Abstract
Summary
The CRISPR/Cas System has been shown to be an efficient and accurate genome-editing technique. There exist a number of tools to design the guide RNA sequences and predict potential off-target sites. However, most of the existing computational tools on gRNA design are restricted to small deletions. To address this issue, we present pgRNAFinder, with an easy-to-use web interface, which enables researchers to design single or distance-free paired-gRNA sequences. The web interface of pgRNAFinder contains both gRNA search and scoring system. After users input query sequences, it searches gRNA by 3' protospacer-adjacent motif (PAM), and possible off-targets, and scores the conservation of the deleted sequences rapidly. Filters can be applied to identify high-quality CRISPR sites. PgRNAFinder offers gRNA design functionality for 8 vertebrate genomes. Furthermore, to keep pgRNAFinder open, extensible to any organism, we provide the source package for local use.
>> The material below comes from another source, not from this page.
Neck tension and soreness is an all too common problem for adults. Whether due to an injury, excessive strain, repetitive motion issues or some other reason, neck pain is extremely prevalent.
Availability and implementation
The pgRNAFinder is freely available at http://songyanglab.sysu.edu.cn/wangwebs/pgRNAFinder/, and the source code and user manual can be obtained from https://github.com/xiexiaowei/pgRNAFinder.
Supplementary information
Supplementary data are available at Bioinformatics online.
1 Introduction
The RNA-guided CRISPR (clustered regularly interspaced short palindrome repeats) with its associated nuclease Cas9 was recently demonstrated to be versatile for genome engineering (Cong et al., 2013; Jinek et al., 2012; Mali et al., 2013a,b). Until now, studies have mainly focused on protein-coding genes, as shown in the genome-wide loss-of-function screening in human (Shalem et al., 2014). Previous studies have also used CRISPR/Cas system to delete large sequence fragments and knock out non-coding genes in mammalian cells (Canver et al., 2014; Fulco et al., 2016; Ho et al., 2015; Liu et al., 2017).
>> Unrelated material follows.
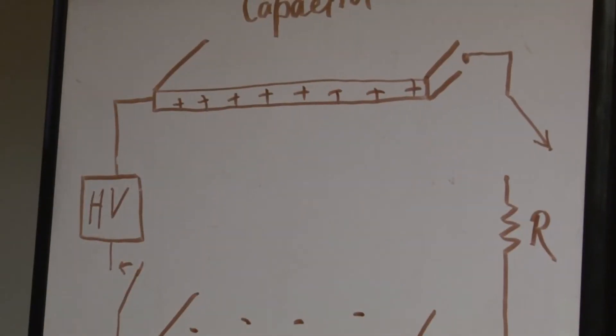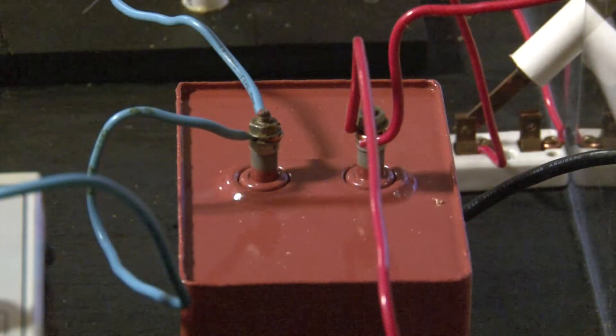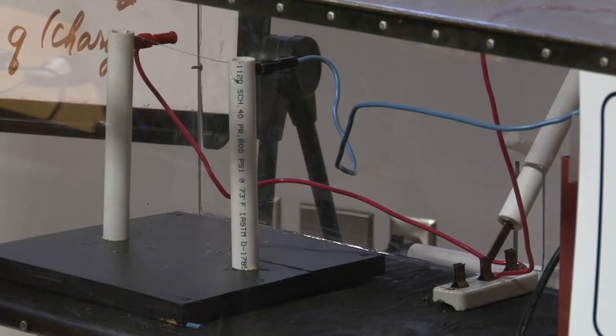One of the things we start out during the spring semester discussing is static electricity and separating positive and negative charge from neutral objects by rubbing things. Then we talk about how a power supply can do that pretty efficiently and create more of a charge separation. So for this demonstration we create a lot of charge separation, which corresponds to a fair amount of stored electrical energy, and then we release it.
The CRISPR-Cas system delivers the Cas9 nuclease complexed with a synthetic guide RNA (gRNA) into a cell. The gRNA guides the Cas9 to cleave a desired DNA site in the cell's genome, allowing existing genes to be removed and/or new ones added. To design a ‘guide’ sequence, the gRNA, which is typically 20 nts in length followed by a PAM sequence such as NGG, it is important to consider gRNA sequence itself and potential off-target sites(Fu et al., 2013; Hsu et al., 2014; Mali et al., 2013a,b; Pattanayak et al., 2013). Many web-delivered and/or standalone software solutions are available for designing highly specific single and paired-gRNA for protein coding genes in vertebrate genomes(Hodgkins et al., 2015; Perez et al., 2017). Still, it is paramount to develop a new tool which can design distance-independent paired-gRNA for non-coding genes.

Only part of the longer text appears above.